山岳愛好家の間では、登山中に出会ってみたい気象現象の1つとも言われています。


「ブロッケン現象」発生の仕組み

「ブロッケン現象」の発生の仕組みは、太陽や月の周りに虹色の環が見える光環と同じで、光の回折が関係しています。
太陽を背にした際、背後から光が差し込む影響で、自分の正面にある水滴や霧、雲の粒に当たった太陽の光が散乱されると、自分の人影が大きく映し出され、人影のまわりに幻想的な虹色の輪が発生します。
太陽の光は白っぽく見えますが、実は様々な色の光が集まっています。波長の長い方から赤、橙、黄、緑、青、藍、紫と7色あり、雲や霧などの小さな水滴の粒に当たると、屈折の角度の違いから7色の虹色に分けられます。
太陽の光が霧や雲の粒を回り込んで虹色に分けられることを回折と言います。「ブロッケン現象」は、山から見る場合は自分を起点に、飛行機から見る時は飛行機を起点に太陽が後ろから差し込んだ際に見られる現象なので、自分や飛行機を中心に虹色の環ができます。


「ブロッケン現象」 に出会えるタイミングは

山に登った時や飛行機に乗った時に条件が揃えば、ブロッケン現象に出会えるチャンスがあります。
太陽と反対側にブロッケン現象が発生するため、時間帯でいえば太陽高度の比較的低い朝や夕方が見られるチャンスが多くなります。山の場合は、自分より下の方に霧や雲を見下ろせば、昼前後でも見られることがあります。

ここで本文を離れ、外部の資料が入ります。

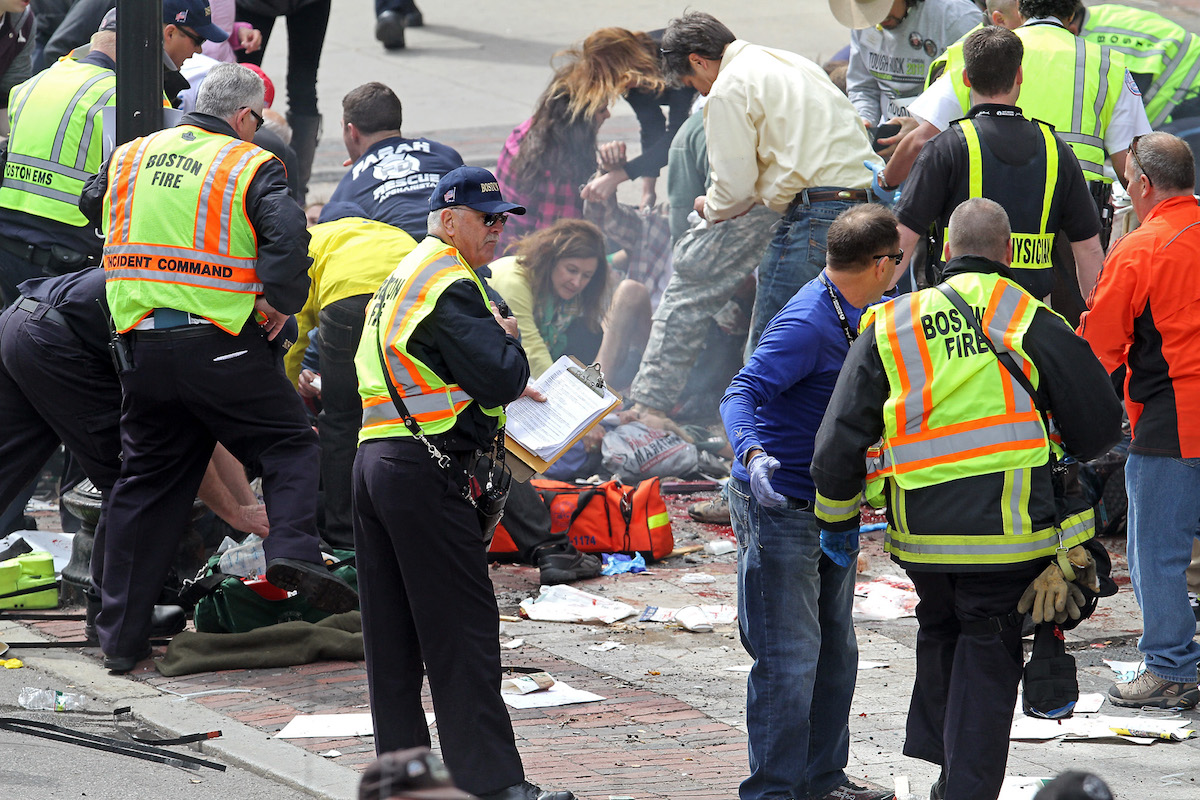 2013年4月15日，美国波士顿马拉松赛终点发生炸弹爆炸事件。目前袭击已造成3人死亡，超100人受伤。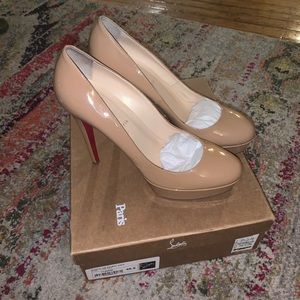 Christian Louboutin nude patent size 40.5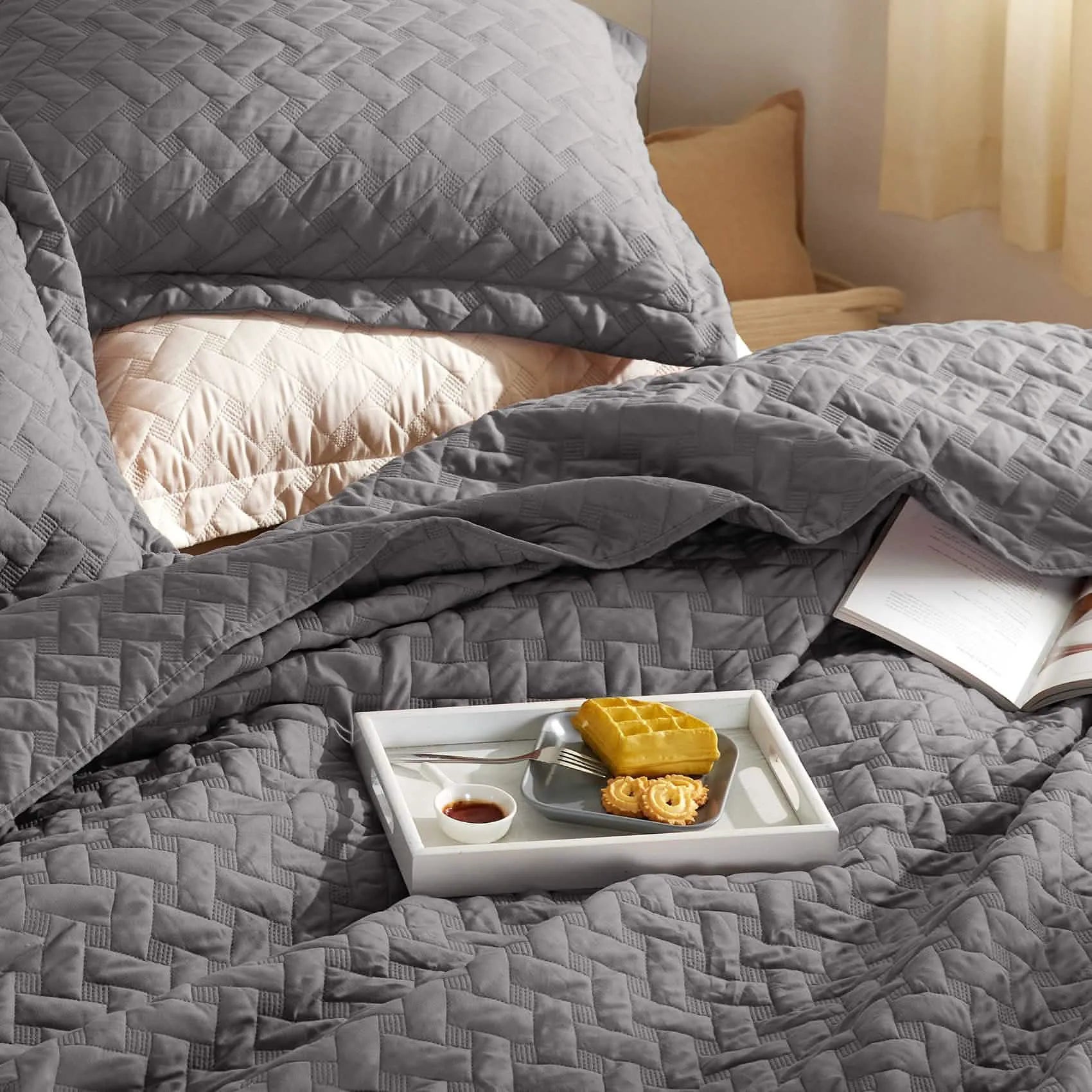 Basketweave Quilt Set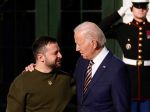 Zelenskyj sa Bidenovi poďakoval za slová podpory pre Ukrajinu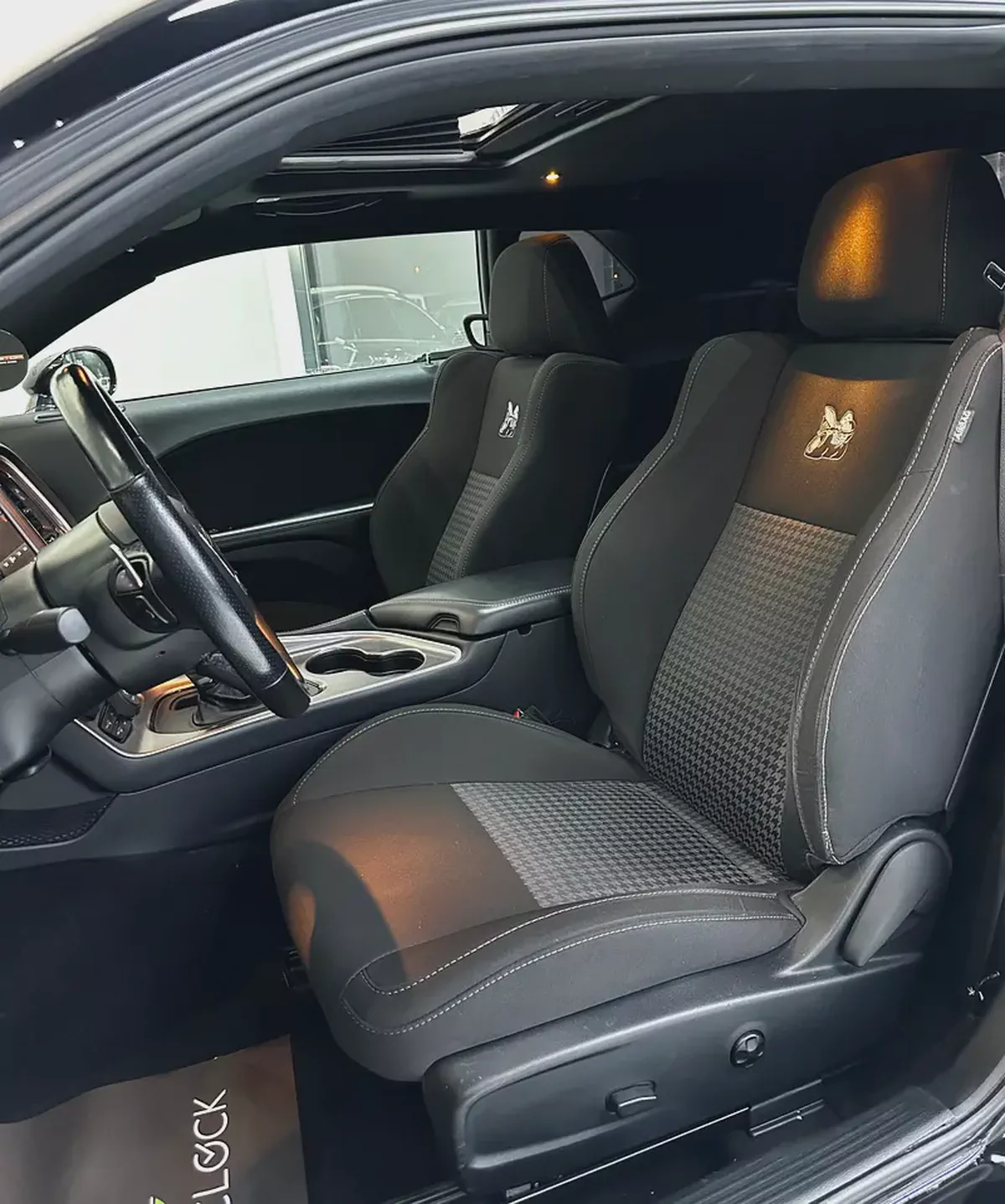 [DODGE CHALLENGER SCATPACK 6.4L V8] [SUNROOF]-10-10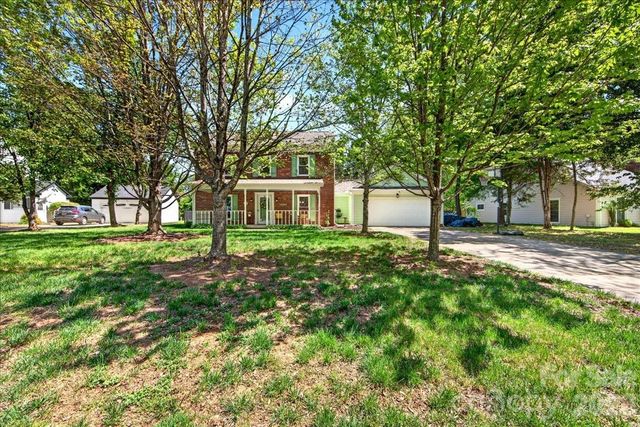 2534 Clearkirk Court, Matthews, NC 28105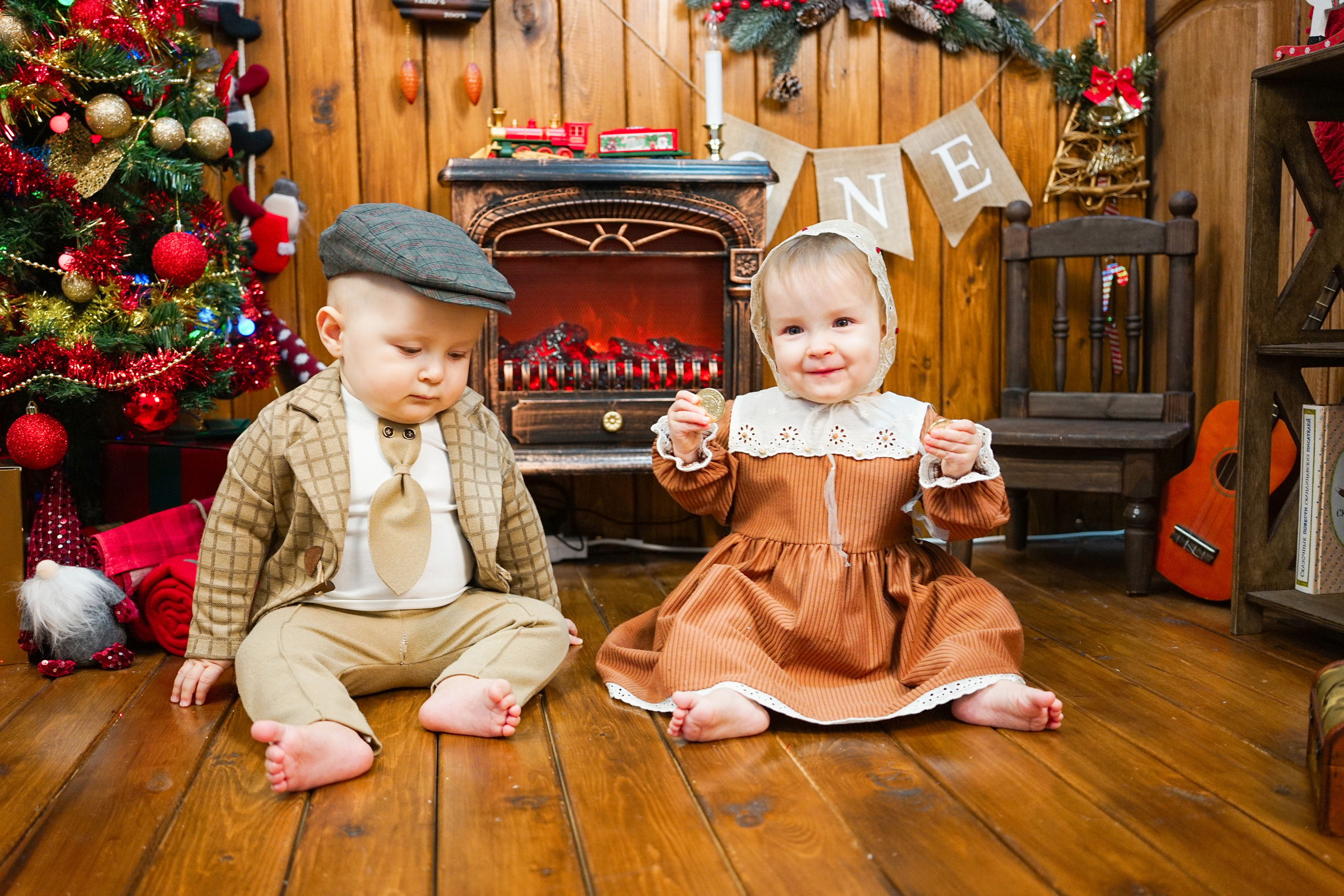 Деревянный Подиум. Детская Фотостудия ГОДОВАСИКИ в Санкт-Петербурге фотосесия на годик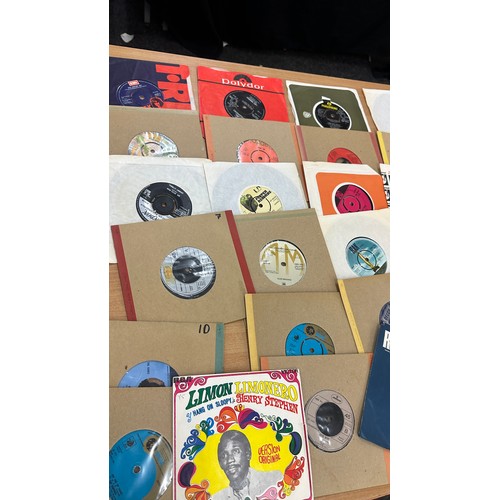 19 - Large selection of 45's to include ' The Beatles', ' The Kinks', ' Blondie' etc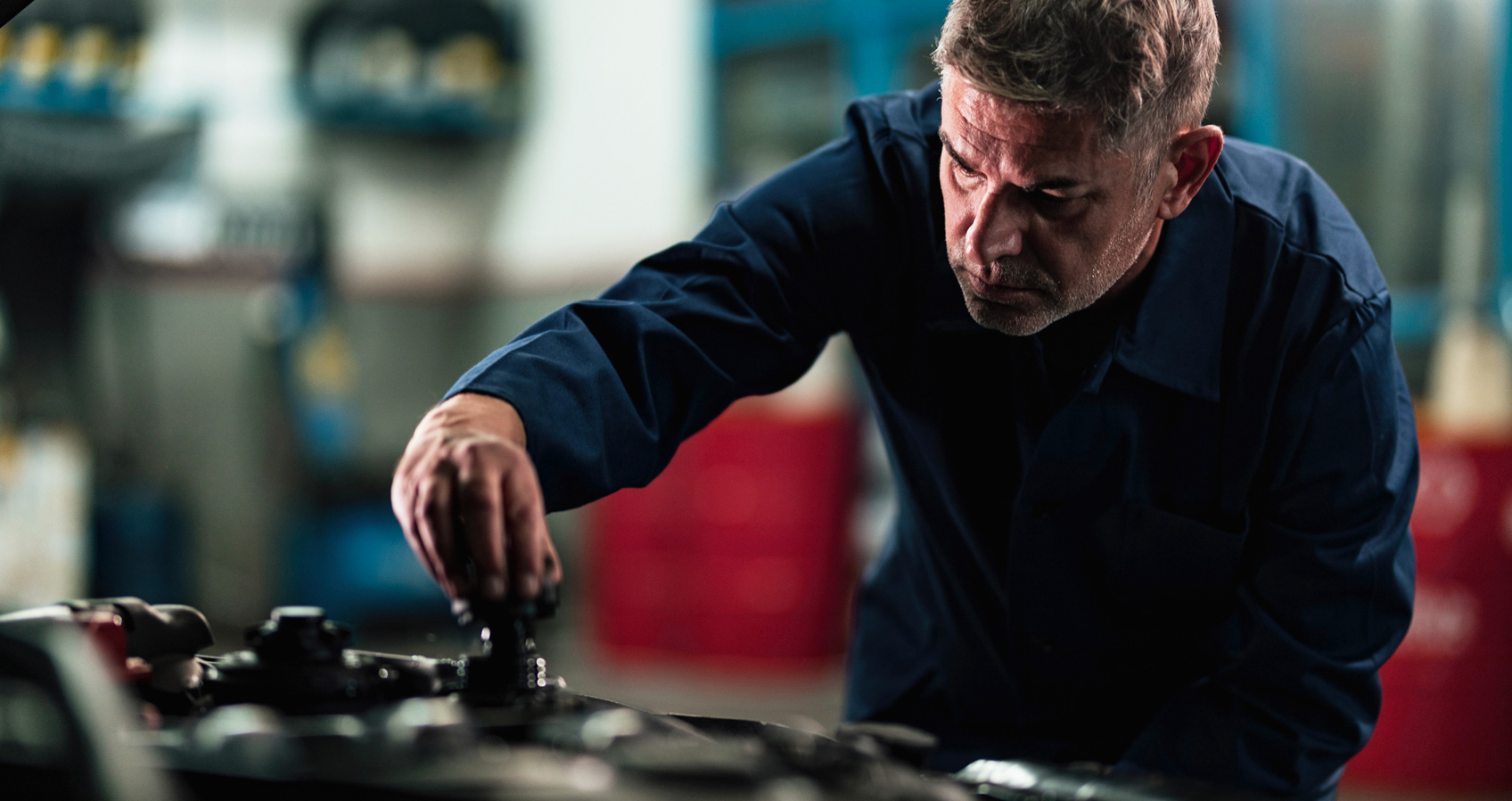 das Kühlmittel Deckel von das Kühlmittel Reservieren Panzer im das Auto  Kühler Kühlung System. Mechaniker Hand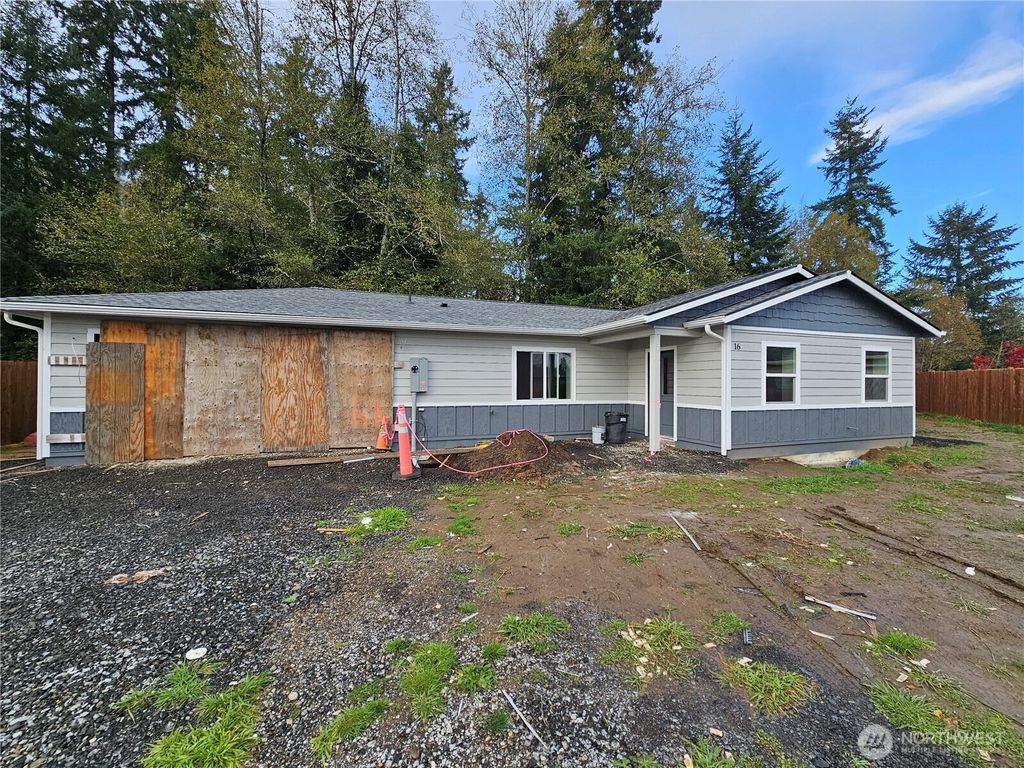 Photo of 16 Pebble Creek Court, Elma, WA 98541 (MLS # 2451132)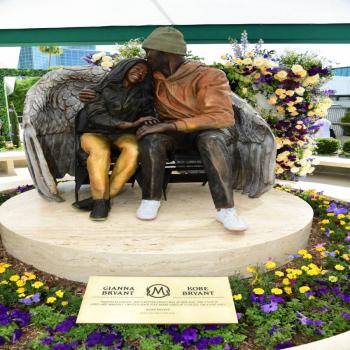 Develan estatua de Kobe Bryant y su hija Gianna
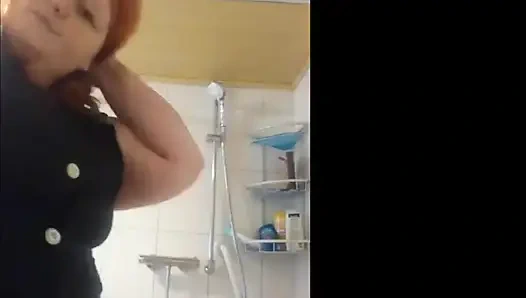 Beni izle, ateşli bir iri güzel kadın, duş al.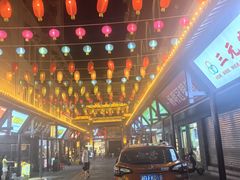 -市府路小吃城(民俗文化广场锦苑店)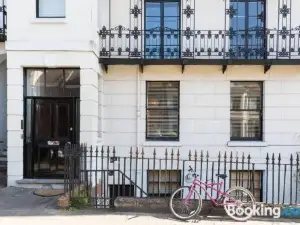 Garden Apartment in Listed Building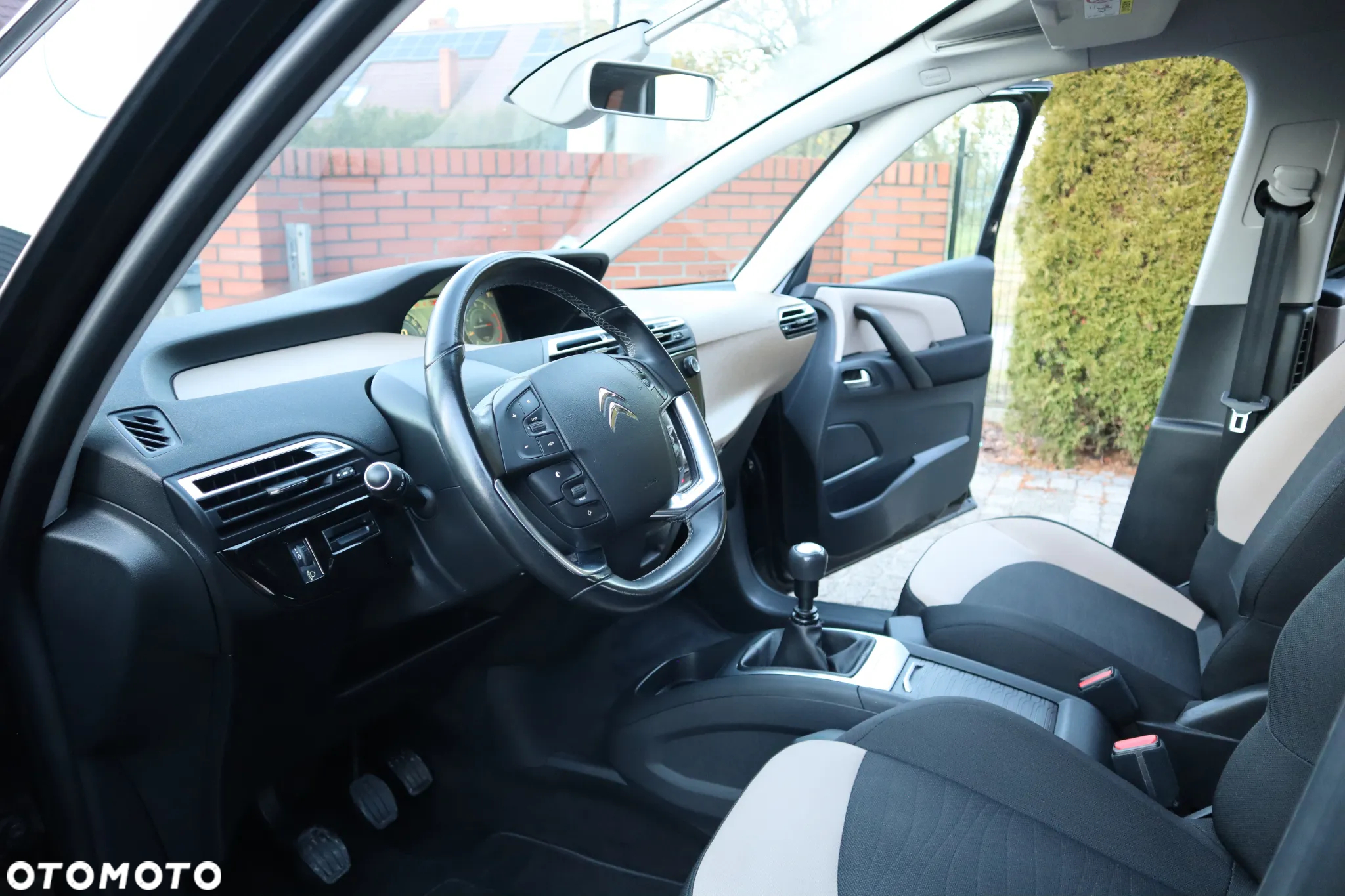 Citroën C4 Picasso 1.2 PureTech Shine S&S - 9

また、川でもブロッケン現象が発生することがあります。福島県南会津郡を流れる只見川では、夏季に田子倉発電所近くの只見川の橋に立つとブロッケン現象がみられることがあります。只見川の冷たい水面に川霧が立つことによりブロッケン現象が発生し、条件が揃えば日本の色々な川など、平地でも見られることがあるようです。
是非、これらの条件を覚えておいて、登山や旅行などの際にブロッケン現象に出会ってみてください。